/mirage

A multi-level tensor algebra superoptimizer

Primary LanguageC++Apache License 2.0Apache-2.0

Mirage: A Multi-level Superoptimizer for Tensor Algebra

Mirage is a tensor algebra superoptimizer that automatically discovers highly-optimized tensor programs for DNNs. Mirage automatically identifies and verifies sophisticated optimizations, many of which require joint optimization at the kernel, thread block, and thread levels of the GPU compute hierarchy. For an input DNN, Mirage searches the space of potential tensor programs that are functionally equivalent to the DNN to discover highly-optimized candidates. This approach allows Mirage to find new custom kernels that outperform existing expert-designed ones.

Installation

The quickest way to try Mirage is through our prebuilt docker images. You can also install Mirage from source.

Quickstart

As a tensor algebra superoptimizer, Mirage can be used to optimize arbitrary DNNs. We use two examples to show how to use Mirage to automatically generate CUDA kernels for group-query attention (GQA) in LLAMA-3-70B and low-rank adapter (LoRA). These Mirage-generated kernels outperform existing manually-optimized kernels.

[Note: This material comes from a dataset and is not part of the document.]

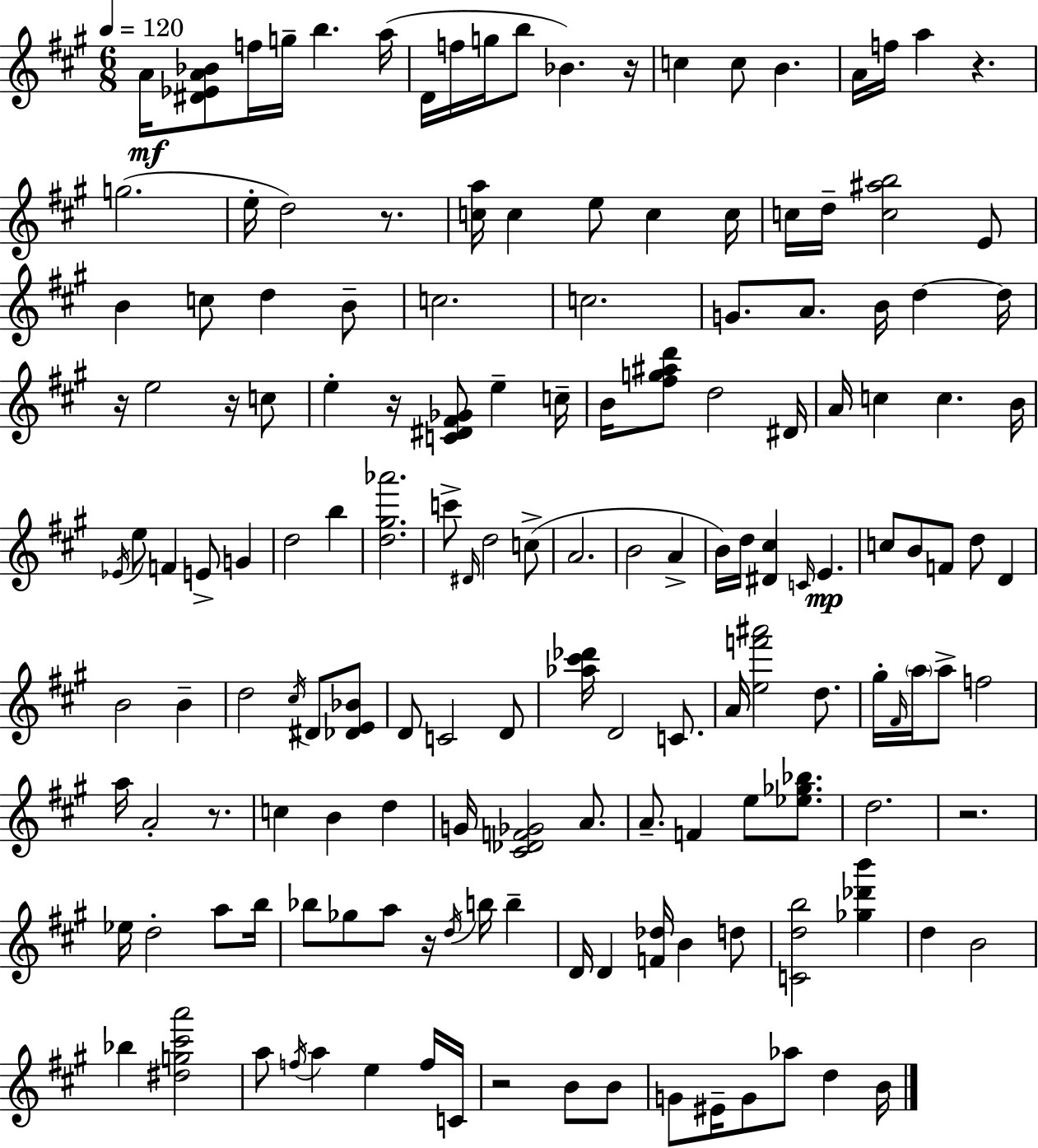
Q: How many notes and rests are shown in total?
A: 157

Superoptimizing group-query attention (GQA)

The follow code snippet shows how to use Mirage to automatically generate highly-optimized CUDA programs for group-query attention (GQA) in LLAMA-3-70B. We assume the model is served in half precision and is tensor model parallelized across 4 GPUs to fit in GPU device memory. Therefore, the GQA operator computes attention across 8 query heads and 2 key-value heads.

First, we define the computation graph for GQA, which takes three input tensors Q, K, and V, and produces a single output tensor O that contains the attention result:

import mirage as mi
graph = mi.new_graph()
Q = graph.new_input(dims=(2, 256, 64), dtype=mi.float16)
K = graph.new_input(dims=(2, 64, 4096), dtype=mi.float16)
V = graph.new_input(dims=(2, 4096, 64), dtype=mi.float16)
A = graph.matmul(Q, K)
E = graph.exp(A)
S = graph.reduction(E, 2)
D = graph.div(E, S)
O = graph.matmul(D, V)

Second, we will use mi.superoptimize to superoptimize GQA. Mirage will automatically search the space of potential mugraphs that are functionally equivalent to the input graph to discover highly-optimized CUDA programs. MuGraphs are a new multi-level graph representation in Mirage that specifies computation at the kernel, thread block, and thread levels of the GPU compute hierarchy. Mirage can automatically find mugraphs that represent today's expert-designed GPU optimizations such as FlashAttention, FlashDecoding, and FlashInfer. In addition, Mirage also discovers other mugraphs that outperform these expert-designed implementations for certain cases.

new_graphs = mi.superoptimize(graph, griddims=[(2, 16, 1), (2, 16, 4)])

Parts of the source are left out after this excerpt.